Updating millions of records on inner joined subquery - optimization techniques

I'm looking for some advice on how I might better optimize this query.
For each _piece_detail record that:
Contains at least one matching _scan record on (zip, zip_4,
zip_delivery_point, serial_number)
Belongs to a company from mailing_groups (through a chain of relationships)
Has either:
first_scan_date_time that is greater than the MIN(scan_date_time) of the related _scan records
latest_scan_date_time that is less than the MAX(scan_date_time) of
the related _scan records
I will need to:
Set _piece_detail.first_scan_date_time to MIN(_scan.scan_date_time)
Set _piece_detail.latest_scan_date_time to MAX(_scan.scan_date_time)
Since I'm dealing with millions upon millions of records, I am trying to reduce the number of records that I actually have to search through. Here are some facts about the data:
The _piece_details table is partitioned by job_id, so it seems to
make the most sense to run through these checks in the order of
_piece_detail.job_id, _piece_detail.piece_id.
The scan records table contains over 100,000,000 records right now and is partitioned by (zip, zip_4, zip_delivery_point,
serial_number, scan_date_time), which is the same key that is used
to match a _scan with a _piece_detail (aside from scan_date_time).
Only about 40% of the _piece_detail records belong to a mailing_group, but we don't know which ones these are until we run
through the full relationship of joins.
Only about 30% of the _scan records belong to a _piece_detail with a mailing_group.
There are typically between 0 and 4 _scan records per _piece_detail.
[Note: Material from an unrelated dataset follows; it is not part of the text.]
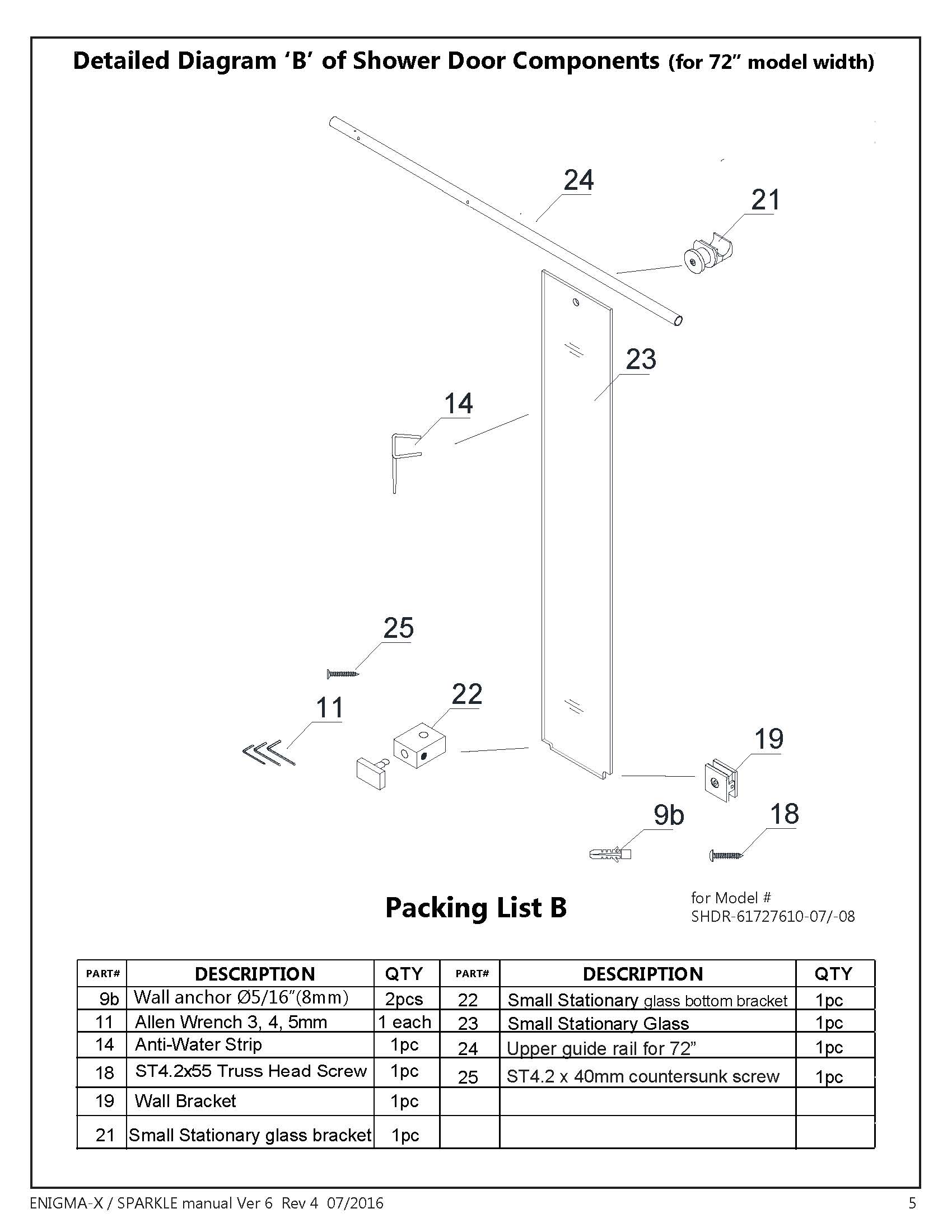 DreamLine Enigma X glass shower door Install manual - Detail "B"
Now, I am having a hell of a time finding a way to execute this in a decent way. I had originally started with something like this:
UPDATE _piece_detail
INNER JOIN (
SELECT _piece_detail.job_id, _piece_detail.piece_id, MIN(_scan.scan_date_time) as first_scan_date_time, MAX(_scan.scan_date_time) as latest_scan_date_time
FROM _piece_detail
INNER JOIN _container_quantity
ON _piece_detail.cqt_database_id = _container_quantity.cqt_database_id
AND _piece_detail.job_id = _container_quantity.job_id
INNER JOIN _container_summary
ON _container_quantity.container_id = _container_summary.container_id
AND _container_summary.job_id = _container_quantity.job_id
INNER JOIN _mail_piece_unit
ON _container_quantity.mpu_id = _mail_piece_unit.mpu_id
AND _container_quantity.job_id = _mail_piece_unit.job_id
INNER JOIN _header
ON _header.job_id = _piece_detail.job_id
INNER JOIN mailing_groups
ON _mail_piece_unit.mpu_company = mailing_groups.mpu_company
INNER JOIN _scan
ON _scan.zip = _piece_detail.zip
AND _scan.zip_4 = _piece_detail.zip_4
AND _scan.zip_delivery_point = _piece_detail.zip_delivery_point
AND _scan.serial_number = _piece_detail.serial_number
GROUP BY _piece_detail.job_id, _piece_detail.piece_id, _scan.zip, _scan.zip_4, _scan.zip_delivery_point, _scan.serial_number
) as t1 ON _piece_detail.job_id = t1.job_id AND _piece_detail.piece_id = t1.piece_id
SET _piece_detail.first_scan_date_time = t1.first_scan_date_time, _piece_detail.latest_scan_date_time = t1.latest_scan_date_time
WHERE _piece_detail.first_scan_date_time < t1.first_scan_date_time
OR _piece_detail.latest_scan_date_time > t1.latest_scan_date_time;
I thought that this may have been trying to load too much into memory at once and might not be using the indexes properly.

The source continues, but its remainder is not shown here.